Bashicu matrix system

Bashicu matrix system (BMS) is an ordinal notation system invented by BashicuHyudora. It is a typical sequence system, with the sequences in question being two-dimensional arrays of natural numbers (i.e. sequences of columns, where columns are sequences of natural numbers and have the same length), and the expansion A[n] of an array A at a natural number n being defined in the following way:

- The parent of an entry x (a natural number in the array) is the last entry y before it in the same row, such that the entry directly above y (if it exists) is an ancestor of the entry above x, and y<x. The ancestors of an entry x are defined recursively as the parent of x and the ancestors of the parent of x.

- If A is empty, then A[n]=A for all natural numbers n. Otherwise let C be the last column of A, and let m₀ be maximal such that the m₀-th element of C has a parent if such an m₀ exists, otherwise m₀ is undefined. Let G and B₀ be arrays such that A=G+B₀+(C), where + is concatenation, and the first column in B₀ contains the parent of the m₀-th element of C if m₀ is defined, otherwise B₀ is empty.

- Say that an entry in B₀ "ascends" if it is in the first column of B₀ or has an ancestor in the first column of B₀. Define B₁,B₂,...,B_n as copies of B₀, but in each B_i, each ascending entry x is increased by i times the difference between the entry in C in the same row as x and the entry in the first column of B₀ in the same row as x.

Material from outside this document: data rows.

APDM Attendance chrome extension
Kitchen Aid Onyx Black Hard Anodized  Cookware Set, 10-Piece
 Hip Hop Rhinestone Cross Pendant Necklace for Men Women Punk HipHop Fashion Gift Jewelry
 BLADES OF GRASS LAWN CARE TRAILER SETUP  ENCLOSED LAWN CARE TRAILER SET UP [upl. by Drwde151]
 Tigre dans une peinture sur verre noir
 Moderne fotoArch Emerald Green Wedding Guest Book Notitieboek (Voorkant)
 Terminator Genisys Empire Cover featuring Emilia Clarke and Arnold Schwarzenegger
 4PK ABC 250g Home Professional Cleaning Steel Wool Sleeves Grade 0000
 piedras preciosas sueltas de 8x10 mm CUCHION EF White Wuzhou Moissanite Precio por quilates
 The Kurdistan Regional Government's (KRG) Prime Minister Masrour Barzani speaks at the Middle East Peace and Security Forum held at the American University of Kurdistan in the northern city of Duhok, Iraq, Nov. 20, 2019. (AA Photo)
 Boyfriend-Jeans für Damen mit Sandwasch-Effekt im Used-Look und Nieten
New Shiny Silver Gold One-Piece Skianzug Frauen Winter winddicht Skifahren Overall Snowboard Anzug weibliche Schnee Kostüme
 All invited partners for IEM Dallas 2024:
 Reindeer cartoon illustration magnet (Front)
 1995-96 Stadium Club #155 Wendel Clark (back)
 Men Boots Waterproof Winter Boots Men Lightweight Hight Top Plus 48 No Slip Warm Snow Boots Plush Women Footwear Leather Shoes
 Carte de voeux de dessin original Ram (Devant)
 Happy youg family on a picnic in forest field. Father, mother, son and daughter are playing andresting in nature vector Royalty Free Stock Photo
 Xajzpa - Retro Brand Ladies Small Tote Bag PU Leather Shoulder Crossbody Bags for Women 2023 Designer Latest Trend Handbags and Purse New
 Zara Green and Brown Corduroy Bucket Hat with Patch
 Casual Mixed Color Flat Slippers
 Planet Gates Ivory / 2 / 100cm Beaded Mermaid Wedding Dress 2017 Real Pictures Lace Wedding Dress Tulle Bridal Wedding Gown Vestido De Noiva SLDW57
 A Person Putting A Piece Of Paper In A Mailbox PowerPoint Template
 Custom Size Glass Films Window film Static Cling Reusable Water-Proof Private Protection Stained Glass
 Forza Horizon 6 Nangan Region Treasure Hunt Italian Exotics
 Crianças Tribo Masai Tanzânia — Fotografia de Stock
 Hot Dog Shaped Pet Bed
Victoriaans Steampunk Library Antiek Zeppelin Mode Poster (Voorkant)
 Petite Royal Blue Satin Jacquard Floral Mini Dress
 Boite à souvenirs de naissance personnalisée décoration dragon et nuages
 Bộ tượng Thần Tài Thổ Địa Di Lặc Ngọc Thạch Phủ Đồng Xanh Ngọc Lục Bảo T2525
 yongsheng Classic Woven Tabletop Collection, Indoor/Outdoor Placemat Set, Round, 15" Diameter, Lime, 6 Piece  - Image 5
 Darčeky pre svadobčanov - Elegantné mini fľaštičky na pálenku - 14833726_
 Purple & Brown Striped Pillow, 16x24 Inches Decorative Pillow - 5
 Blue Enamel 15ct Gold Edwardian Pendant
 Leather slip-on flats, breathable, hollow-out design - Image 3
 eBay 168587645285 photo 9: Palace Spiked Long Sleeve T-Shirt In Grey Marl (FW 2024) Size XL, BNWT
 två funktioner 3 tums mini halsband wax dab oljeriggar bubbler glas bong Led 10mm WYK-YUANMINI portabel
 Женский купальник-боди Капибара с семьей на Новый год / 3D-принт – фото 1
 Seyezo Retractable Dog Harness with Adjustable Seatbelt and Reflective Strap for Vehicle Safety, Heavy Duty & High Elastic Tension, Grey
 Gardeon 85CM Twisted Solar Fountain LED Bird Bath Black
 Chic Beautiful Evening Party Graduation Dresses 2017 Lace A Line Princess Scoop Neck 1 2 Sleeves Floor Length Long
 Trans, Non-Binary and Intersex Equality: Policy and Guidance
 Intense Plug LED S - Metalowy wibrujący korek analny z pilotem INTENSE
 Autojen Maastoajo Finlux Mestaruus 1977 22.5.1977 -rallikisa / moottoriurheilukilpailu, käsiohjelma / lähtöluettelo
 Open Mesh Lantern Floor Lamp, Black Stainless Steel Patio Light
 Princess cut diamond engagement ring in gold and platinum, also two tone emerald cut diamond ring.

- A[n]=G+B₀+B₁+...+B_n, where + is again concatenation.

For a long time, the problem of finding a proof of its well-orderedness was a famous problem in apeirology, but now there is at least a claimed proof.^[1] The proof utilizes stability, so the problem of finding a self-contained proof that BMS is well-ordered remains open for now. A related open problem is the well-orderedness of Y sequence, which is similar enough to BMS (below the limit of BMS) that it can be considered an extension.